Every hadron is made up of some
collection of quarks and/or antiquarks. There are many possible ways of
combining quarks and antiquarks to form hadrons. However, not all combinations are
allowed. We can extend our definition of
hadron to be a subatomic particle made up of two or more quarks, such that the total
relative charge of the particle is an integer. That is, however we add quarks and
antiquarks together to form a hadron, the total charge of that particle must be a
whole number. It can be positive or negative or
even zero, but it needs to be an integer.
To give an example of this, say
that we take an up quark, which we know has a relative electric charge of positive
two-thirds e, and we’ll just leave off the e for now, and that we combine this with
a down antiquark. This, we know, has a relative
electric charge of positive one-third. So if we add together these two
charges, we get a result of one. That’s the overall relative
electric charge of this combination. Since this is an integer, that
means that this combination of particles is allowed in forming a hadron. In other words, this particle is a
hadron. And in fact, it’s called a pion;
the symbol for this is 𝜋 with a plus sign superscript.

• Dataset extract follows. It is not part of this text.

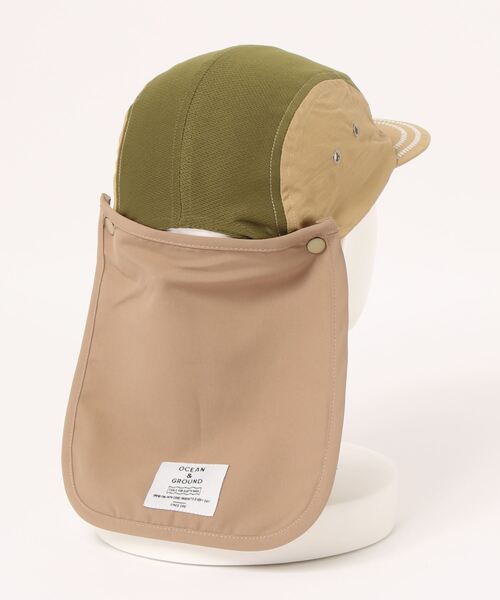 Ocean&Ground（オーシャン&グラウンド）の「サンシェード付きJETCAP（キャップ・キッズ・ベージュ/オリーブ・M/L/S）」の3枚目の写真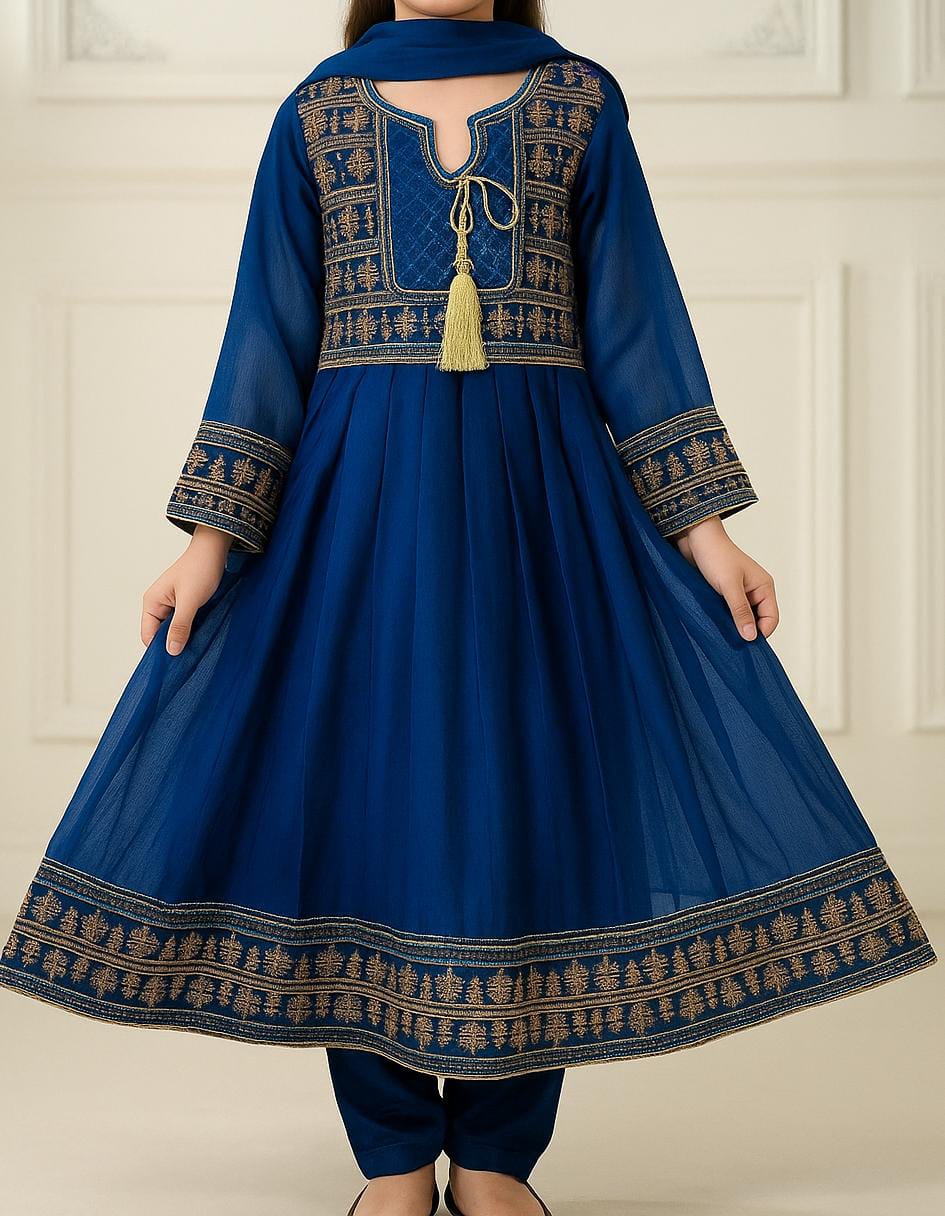 2 Piece Chiffon Embroidery Suits.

But then say we go back to having
just an up quark. And now, instead of adding it with
a down antiquark, we propose to add to it a top quark. From our grid, showing the relative
charge of quarks, we know that each of these quarks has a charge of positive
two-thirds. So if we add them together, we get
this result of four-thirds. Since this is not a whole number,
it means that just combining these two quarks by themselves is not an allowed
combination in forming a hadron. Even under this restriction that
the relative charge of a hadron needs to have an integer value, there are still many
ways of combining quarks and antiquarks to form them, so many that if we consider
hadrons as a class of particle, this class has been divided up into smaller
groups.
One type of hadron is called a
meson. These are hadrons that are made up
of two quarks, in particular one quark and one antiquark. After mesons come a class of
particle called baryons. These are hadrons that are made up
of exactly three quarks. And then it’s possible to make
hadrons from four or five or six or even more quarks. But these are so rare or yet to be
discovered that they don’t yet have commonly used names. Our focus will be on mesons, which,
as we said, are made of two quarks, and baryons, which are made of three. And then it turns out that baryons
themselves can be further subdivided. One sort of baryon is called a
hyperon. Like any baryon, a hyperon is made
up of exactly three quarks. But the hyperon has the special
condition that at least one of those quarks is the strange quark, while at the same
time it has no charm, top, or bottom quarks in its composition.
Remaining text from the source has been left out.